Appreciate that you really want to move out here and that at your age, Dubai is a very interesting and attractive place but I do believe that if you get a bit of experience under your belt and then move out here say three years from now, you will be in a much better position and your career will benefit a lot more.

Saying that, good luck with the job hunt.


----------



## indoMLA (Feb 6, 2011)

Maz25 said:


> As much as most employers would value an employee with as much drive and eagerness to learn as yourself, I personally would not advise that you move out here and end up struggling on a low salary (with no experience, yes the salary will be stupidly low!) just to gain the experience that you can gain back home, where you have the added benefit of having your friends and family near you.
> 
> I wanted to move out here at the age of 18 and my parents put their foot down and absolutely refused to let me move out here on my own. Knowing what I know about this place now and understanding the benefits of what the extra couple of years of waiting/ patience have brought me, I can't thank them enough and I'm so glad that I actually waited!
> 
> ...


+1, but I think he already lives here, Boss...


----------



## Maz25 (Jul 6, 2008)

indoMLA said:


> +1, but I think he already lives here, Boss...


Quite right...I missed that part.
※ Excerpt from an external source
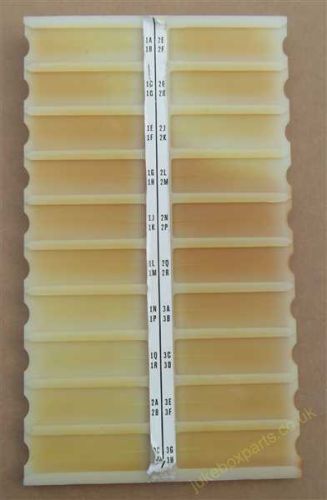 Wurlitzer Title Card Holder (WP208L)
Oops.


----------



## furryboots (Jul 31, 2009)

Might be worthwhile trying Petrofac in Sharjah.


----------



## Muzz (Apr 13, 2011)

Maz25 and IndoMLA , I've taken what you guys have said onboard and even though it is'nt the way I want things to be, im finding out that you guys are right... 

That being said, since Im already here, I'm looking for graduate jobs nonetheless , here and in UK


----------



## Muzz (Apr 13, 2011)

furryboots said:


> Might be worthwhile trying Petrofac in Sharjah.


Petrofac is actually quite a good lead furry boots, thanks.. pity the graduate recruitment period is over but I'll definitely apply once they reopen in September


----------



## gunner (Dec 20, 2010)

Muzz said:


> Petrofac is actually quite a good lead furry boots, thanks.. pity the graduate recruitment period is over but I'll definitely apply once they reopen in September


Try at Saipem also when you are at it. 

You could also apply at tebodin, technip, penspen in Abu Dhabi. I have friends there who were recruited as fresh graduates.


----------



## Muzz (Apr 13, 2011)

jeanie said:


> Try at Saipem also when you are at it.
> 
> You could also apply at tebodin, technip, penspen in Abu Dhabi. I have friends there who were recruited as fresh graduates.


Thanks Jeanie, I had computer problems for a few days but i will check these out now, I've applied at Saipem already but the rest are new leads... i'll let you know how it goes later today.. xx


----------



## tootall (Aug 5, 2010)

Muzz said:


> you're a 100% correct about schlumberger and I have applied online already, they seem to be truly global and even the application system over here was exactly what it was in england .
> 
> let me know if you find out about other compnaies that are similar!
> 
> thanks for the help again


Hi former SLB employee here. While I cannot speak specifically on the situation in Dubai I do know that big blue loves mechanical engineers, especially fresh graduates full of life that they can slowly squeeze out  Good luck!


----------



## Muzz (Apr 13, 2011)

jeanie said:


> Try at Saipem also when you are at it.
> 
> You could also apply at tebodin, technip, penspen in Abu Dhabi. I have friends there who were recruited as fresh graduates.


 Hey jeanie,

I applied speculatively at penspen, but tebodin and technip dont seem to want grads... wrong time of the year perhaps?! but they still make it to my spread sheet.. any direct contacts into the company is the only other way, so please let me know if you can get hold of any.. thanks xx


----------



## gunner (Dec 20, 2010)

Muzz said:


> Hey jeanie,
> 
> I applied speculatively at penspen, but tebodin and technip dont seem to want grads... wrong time of the year perhaps?! but they still make it to my spread sheet.. any direct contacts into the company is the only other way, so please let me know if you can get hold of any.. thanks xx


Both the companies have a lot of projects in hand so am not sure if its a bad time especially tebodin. They are always in need of piping engineers may be you just call them up talk to the HR guy and see how it goes.


----------



## expatkid (Mar 19, 2011)

Muzz said:


> Petrofac is actually quite a good lead furry boots, thanks.. pity the graduate recruitment period is over but I'll definitely apply once they reopen in September


Petrofac Do not have an open application scheme for the graduate program. They are tied up with a few Uni`s, they pick the candidates directly from them.


----------



## Jad.M (Jul 27, 2011)

Petrofac is quite flexible in terms of recruitment..I ve met people that started working there in different times of the year. You need to get contact information of the recruiters and get in contact with them directly.

Jad


----------